Commitments for world governments to pay higher drug prices can be secured through agreements to withdraw tariff threats and lower trade barriers. This would also foster economic competition to the benefit of Americans in line with the president’s executive order on deregulation.
Imagine an American-led multilateral treaty on drug pricing. It could create a forum where government and industry representatives and experts can agree on international reference prices for patented drugs, adjusted for each state’s purchasing power parity. This would stop Americans already struggling with high living costs from shouldering an inequitable burden in funding global pharmaceutical innovation.
At home, Trump’s commendable “TrumpRx” initiative to help Americans find discounted medicines by linking them directly to drugmakers is a good starting point.

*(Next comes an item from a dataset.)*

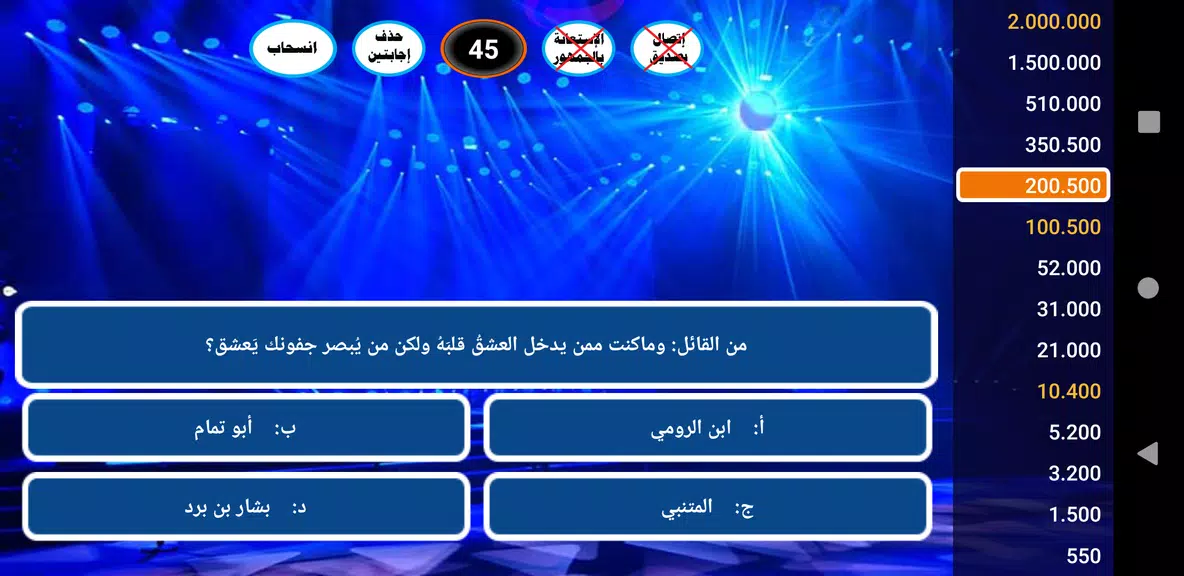 من سيربح المليونين應用截圖第1張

Examples of deregulation to reduce domestic prices include replacing or reforming the Medicare program that lets hospitals buy drugs at low cost while marking up prices for patients and insurers without passing on savings. The government can permit interstate insurance purchases, streamline new drug approval processes, liberalize drug importation and abolish tax penalties linking health insurance to employment.
Trump’s 100 percent tariff on drugs may force some manufacturing onshore, and it may create some domestic jobs that wouldn’t otherwise exist. But it would come at too high a cost. International dealmaking and deregulatory reforms will lower U.S. drug prices without compromising innovation.
Satya Marar is a research fellow at the Mercatus Center at George Mason University, specializing in competition, innovation and governance.